Salvia canariensis ‘Alba’: is an open bushy shrub, 1.2-1.5mH for a sunny position with large slender hastate leaves, pure white flowers and green calyces.
Salvia canariensis ‘Alba’ is similar to the parent plant but with white flowers.
Flowers: are large white falcate shaped flowers. The hood is very long with the stigma being exerted. The lower lobes are long , slender and slightly cupped to act as a landing place for bees and other insects. The throat is open wide to help attract the insect to go into the flower.
Flowers appear in Spring, through summer as whorls of 4-6 flowers in clusters of loose panicles at the top of a long green flower stem, well above the foliage to catch passing insects.
Calyces: are green, large and papery , ribbed with slightly pointed lobes. The green bracts remain for some time after the flowers emerge. After the flowers have fallen, the calyces remain, drying and becoming papery, so it seems as if the plant is still flowering through autumn.

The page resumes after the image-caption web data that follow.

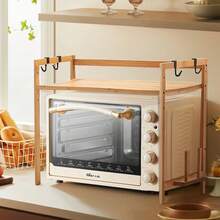 LIVINGANDHOME Living And Home Wooden Spice Rack Organizer,Kitchen Bakers Rack,Microwave Stand, Kitchen Storage Rack Shelf Holder For Spices, Pots, And Pans - Free Standing Kitchen Storage Shelf With Hooks (55*35*67cm/42cm) - Wood Color - View 7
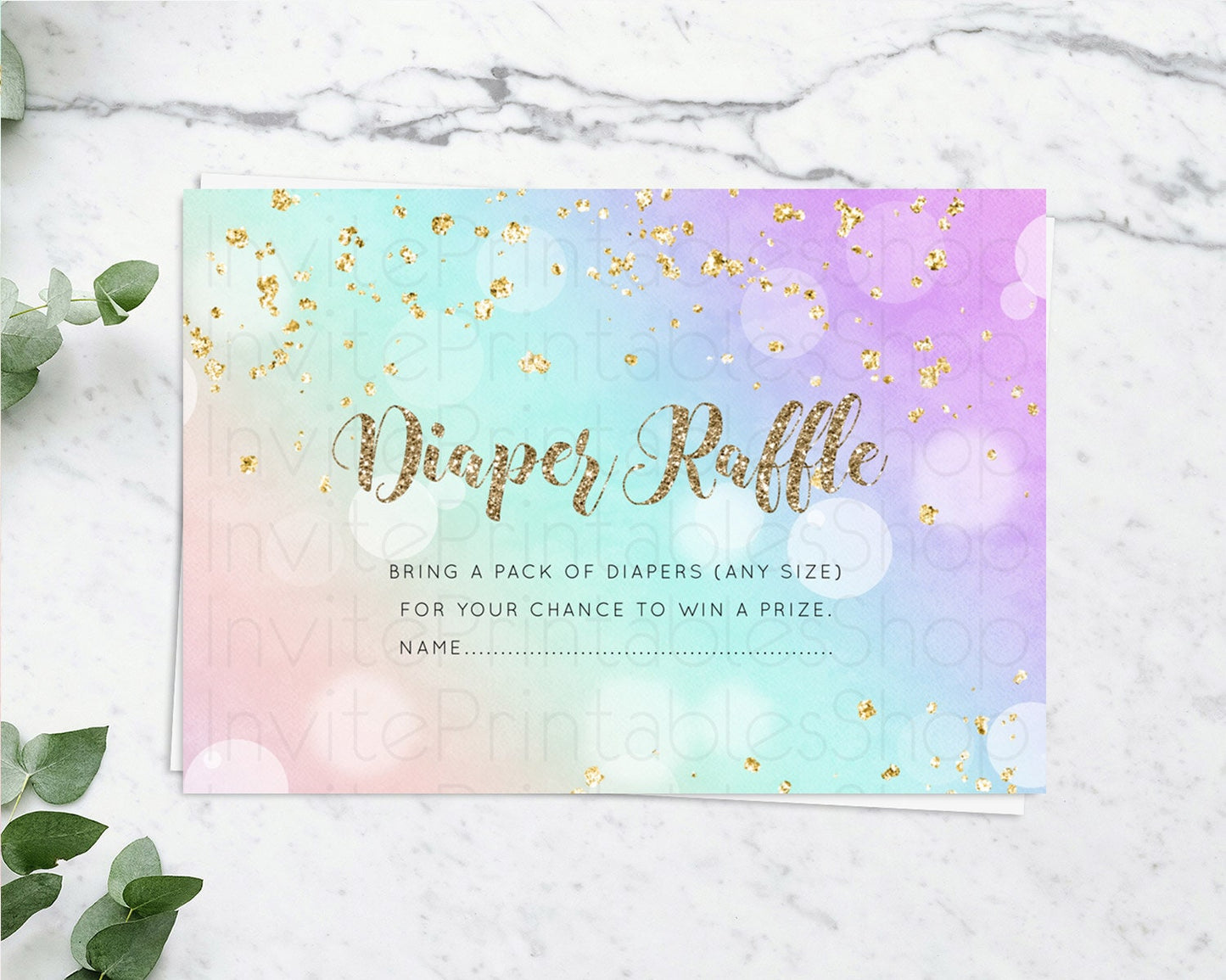 Pastel Diaper Raffle Card Pastel Rainbow Diaper Raffle Insert Colorful Ombre Watercolor Diaper Ticket Confetti Glitter Raffle Game D10621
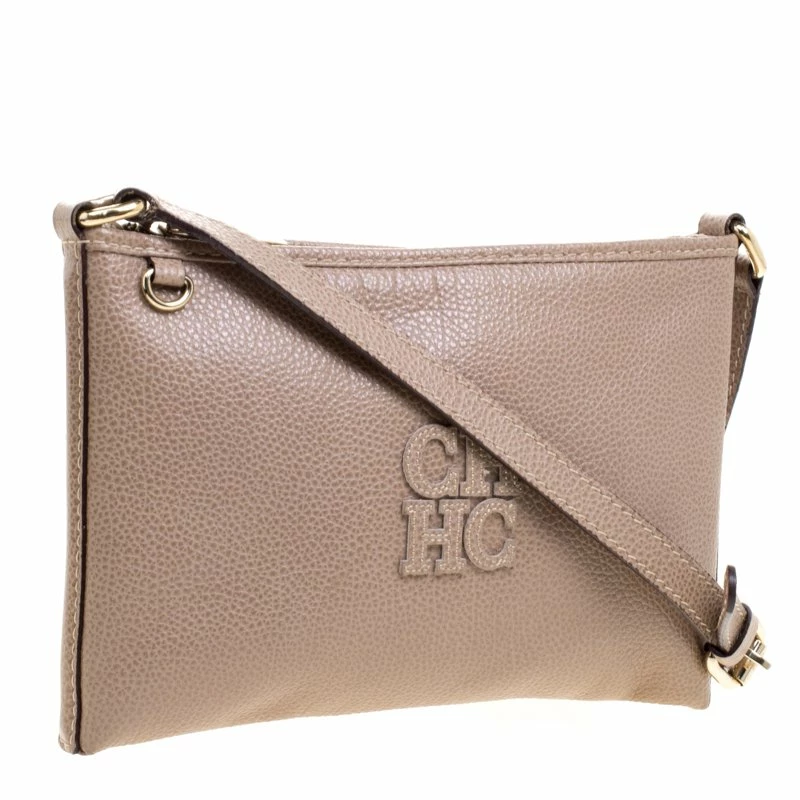 Carolina Herrera Dark Beige Leather Logo CH Crossbody Bag Women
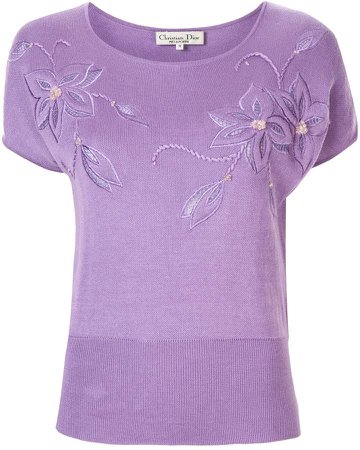 Pre-Owned floral embroidered T-shirt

Leaves: are a grey green colour and hastate shaped. These begin as slender leaves and gradually widen to approx 6-8cm wide.
As the stems become woody, leaf stems appear in pairs at either side of the main stem.
Salvia canariensis ‘Alba’ is a architectural feature plant for any garden.
This is a perfect plant for a white or silver garden with it’s grey leaves and pure white flowers. Plant with other pastel coloured shrubs and perennials, with shades of mauve, purple, bright yellow and cerise or pale pink.
As the stems become woody, the area beneath the plant is ideal for other small perennials to protect the base in a windy situation.
S. canariensis is a tough, hardy plant for full sun, tolerating hot dry summers, cold winters and light frosts.
When the main flowering period is over, cut off all the papery calyces, trim and cut all stems back to a good green set of buds. Feed and mulch well to keep the root area cool over the summer months.
Propagation: usually by tip cuttings from new growth only in spring and summer. Cuttings from old growth has a low strike rate.